Still, even without SMT on Windows 10 Pro, CentaurHoals is significantly faster than LuJiazui on multithreaded integer (40%) and multithreaded floating point (78%) workloads. The problem is that the absolute performance numbers demonstrated by both the KaiSheng KH-40000 and the Centaur CHA CPU are lacking by today’s standards.
Interestingly, the multithreading performance numbers Zhaoxin’s 12-core KaiSheng KH-40000/12 showed on Windows without SMT compared to AMD’s FX-8350 processor (4 modules, 8 threads). CPU. At least in Geekbench 5, the performance of a 10-year-old processor isn’t competitive by today’s standards.
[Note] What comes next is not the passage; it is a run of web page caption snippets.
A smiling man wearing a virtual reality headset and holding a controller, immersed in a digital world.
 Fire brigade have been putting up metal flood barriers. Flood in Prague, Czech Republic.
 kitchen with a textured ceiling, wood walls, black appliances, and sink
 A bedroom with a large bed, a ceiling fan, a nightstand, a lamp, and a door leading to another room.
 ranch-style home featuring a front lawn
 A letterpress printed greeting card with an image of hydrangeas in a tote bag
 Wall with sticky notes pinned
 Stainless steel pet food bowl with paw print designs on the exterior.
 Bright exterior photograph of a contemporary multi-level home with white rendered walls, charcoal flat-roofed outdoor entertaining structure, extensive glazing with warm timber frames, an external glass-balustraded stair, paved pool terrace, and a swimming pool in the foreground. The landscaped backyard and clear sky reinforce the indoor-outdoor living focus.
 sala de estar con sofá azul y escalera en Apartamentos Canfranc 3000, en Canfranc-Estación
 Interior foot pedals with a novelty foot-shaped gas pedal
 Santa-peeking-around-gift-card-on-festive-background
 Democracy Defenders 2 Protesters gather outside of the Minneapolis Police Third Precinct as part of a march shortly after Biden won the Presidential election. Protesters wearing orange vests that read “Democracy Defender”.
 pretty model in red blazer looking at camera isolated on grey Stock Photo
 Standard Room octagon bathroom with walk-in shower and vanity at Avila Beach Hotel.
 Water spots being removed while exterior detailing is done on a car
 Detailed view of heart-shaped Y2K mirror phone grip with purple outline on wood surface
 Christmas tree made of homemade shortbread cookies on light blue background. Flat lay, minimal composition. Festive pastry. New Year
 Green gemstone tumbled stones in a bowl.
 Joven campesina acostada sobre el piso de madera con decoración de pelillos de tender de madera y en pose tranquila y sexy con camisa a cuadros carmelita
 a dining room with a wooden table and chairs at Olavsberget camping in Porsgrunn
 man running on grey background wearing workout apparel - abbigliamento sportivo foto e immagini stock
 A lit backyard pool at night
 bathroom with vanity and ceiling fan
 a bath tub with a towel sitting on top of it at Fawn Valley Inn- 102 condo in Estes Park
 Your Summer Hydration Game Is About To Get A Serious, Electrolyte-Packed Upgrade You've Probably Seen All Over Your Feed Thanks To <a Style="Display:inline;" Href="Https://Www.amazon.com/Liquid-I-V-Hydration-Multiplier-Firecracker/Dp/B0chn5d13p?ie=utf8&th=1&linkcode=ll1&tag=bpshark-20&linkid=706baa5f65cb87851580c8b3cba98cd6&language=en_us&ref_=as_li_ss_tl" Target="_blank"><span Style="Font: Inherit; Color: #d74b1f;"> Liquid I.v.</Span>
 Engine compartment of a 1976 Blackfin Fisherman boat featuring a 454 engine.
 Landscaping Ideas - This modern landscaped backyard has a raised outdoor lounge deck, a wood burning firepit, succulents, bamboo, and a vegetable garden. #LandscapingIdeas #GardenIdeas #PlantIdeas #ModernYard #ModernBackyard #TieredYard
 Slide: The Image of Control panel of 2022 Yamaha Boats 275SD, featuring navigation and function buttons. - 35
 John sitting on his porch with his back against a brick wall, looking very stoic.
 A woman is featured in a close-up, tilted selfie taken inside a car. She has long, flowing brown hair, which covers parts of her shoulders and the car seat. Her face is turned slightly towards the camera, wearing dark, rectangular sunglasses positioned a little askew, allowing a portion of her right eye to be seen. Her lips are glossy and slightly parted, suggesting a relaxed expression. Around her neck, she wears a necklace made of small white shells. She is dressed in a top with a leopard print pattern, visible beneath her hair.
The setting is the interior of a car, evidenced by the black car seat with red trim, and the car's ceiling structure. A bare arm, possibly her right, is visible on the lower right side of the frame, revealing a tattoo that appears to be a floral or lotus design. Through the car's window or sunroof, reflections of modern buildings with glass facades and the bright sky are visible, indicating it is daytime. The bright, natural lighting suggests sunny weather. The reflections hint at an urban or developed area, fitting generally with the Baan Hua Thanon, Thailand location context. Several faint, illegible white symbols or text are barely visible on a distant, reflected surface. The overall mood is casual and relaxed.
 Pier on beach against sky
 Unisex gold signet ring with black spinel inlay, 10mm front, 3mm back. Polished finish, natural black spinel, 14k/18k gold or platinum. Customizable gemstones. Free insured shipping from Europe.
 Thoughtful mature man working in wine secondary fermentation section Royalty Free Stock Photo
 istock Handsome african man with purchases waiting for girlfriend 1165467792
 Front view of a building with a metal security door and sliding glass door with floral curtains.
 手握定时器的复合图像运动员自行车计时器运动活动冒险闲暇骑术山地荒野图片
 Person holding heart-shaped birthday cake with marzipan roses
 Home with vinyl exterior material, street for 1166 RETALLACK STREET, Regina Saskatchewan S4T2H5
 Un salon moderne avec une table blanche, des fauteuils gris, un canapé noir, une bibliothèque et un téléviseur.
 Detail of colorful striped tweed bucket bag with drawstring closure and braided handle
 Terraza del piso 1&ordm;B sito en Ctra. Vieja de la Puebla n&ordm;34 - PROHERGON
This is not the best benchmark.
some thoughts
While 12- and 16-core configurations look fine for desktop and entry-level servers, Zhaoxin’s 12- and 16-cores don’t offer comparable performance to AMD and Intel’s 12- or 16-core processors. On Windows, Zhaoxin seems to be a decade behind AMD and Intel when it comes to performance, judging solely by their Geekbench 5 scores. Even if Zhaoxin enabled SMT on their upcoming CentaurHoals-based CPUs (for client and server applications) and Windows “learned” how to use those cores properly, KaiSheng KH-40000/16 will still be available for AMD and Intel. 2x slower than the 2021 processor in with the same number of cores.